Oliver Wendell Holmes.
* * *
Tourists and others will be amply repaid in visiting the new Capitol building, at the head of State Street. It is open from nine in the morning until six in the evening. It is said to be larger than the Capitol at Washington, and cost more than any other structure on the American continent. The staircases, the wide corridors, the Senate chamber, the Assembly chamber, and the Court of Appeals room, attest the wealth and greatness of the Empire State. The visitor up State Street will note the beautiful and commanding spire of “St. Paul.” The Cathedral is also a grand structure. The population of Albany is now 100,000, and its growth is due to three causes: First, the Capitol was removed from New York to Albany in 1798. Then followed two great enterprises, ridiculed at the time by every one as the Fulton Folly and Clinton’s Ditch—in other words, steam navigation, 1807, and the Erie Canal, 1825. Its name was given in honor of the Duke of Albany, although it is still claimed by some of the oldest inhabitants that, in the golden age of those far-off times, when the good old burghers used to ask the welfare of their neighbors, the answer was “All bonnie,” and hence the name of the hill-crowned city.
* * *
Canals, long winding, ope a watery flight,
And distant streams and seas and lakes
unite;
From fair Albania toward the fading sun,
Back through the midland lengthening channels
run.
Joel Barlow.
* * *
To condense from H. P. Phelps’s careful handbook of “Albany and the Capitol:” in 1614 a stockaded trading-house was erected on an island below the city, well defended for trading with the Indians. In 1617 another was built on the hill, near Norman’s Kill. The West Indian Company erected a fort in 1623 near the present landing of the Day Line. In 1664 the province fell into the hands of the English and the name was changed to Albany. In 1686 it was incorporated into a city. It was the meeting place of the Constitutional Congress 1754, the proposed Constitution of which, however, was never ratified. Washington visited it in 1783. The Erie Canal was opened in 1825, a railroad to Schenectady in 1832, the Hudson River in 1851, a consolidated road to Buffalo in 1853, and the Susquehanna Railroad to Binghamton in 1869. State Street at one time was said to be the widest city thoroughfare in the country, after Pennsylvania Avenue in Washington.

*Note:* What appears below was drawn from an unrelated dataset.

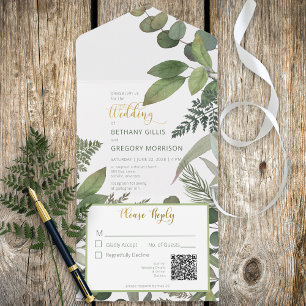 Invitation Tout En Un Code QR rustique Tropical Green & Eucalyptus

The English and Dutch Churches and other public buildings, once in the midst of it, but long since removed, account for its extra width. The State Capitol has a commanding site. The old Capitol building was completed in 1808. The corner-stone of the present building was laid June 24, 1871, and it has been occupied since January 7, 1879. According to Phelps, “the size of the structure impresses the beholder at once. It is 300 feet north and south by 400 feet east and west, and with the porticoes will cover three acres and seven square feet. The walls are 108 feet high from the water-table, and all this worked out of solid granite brought, most of it, from Hallowell, Me.”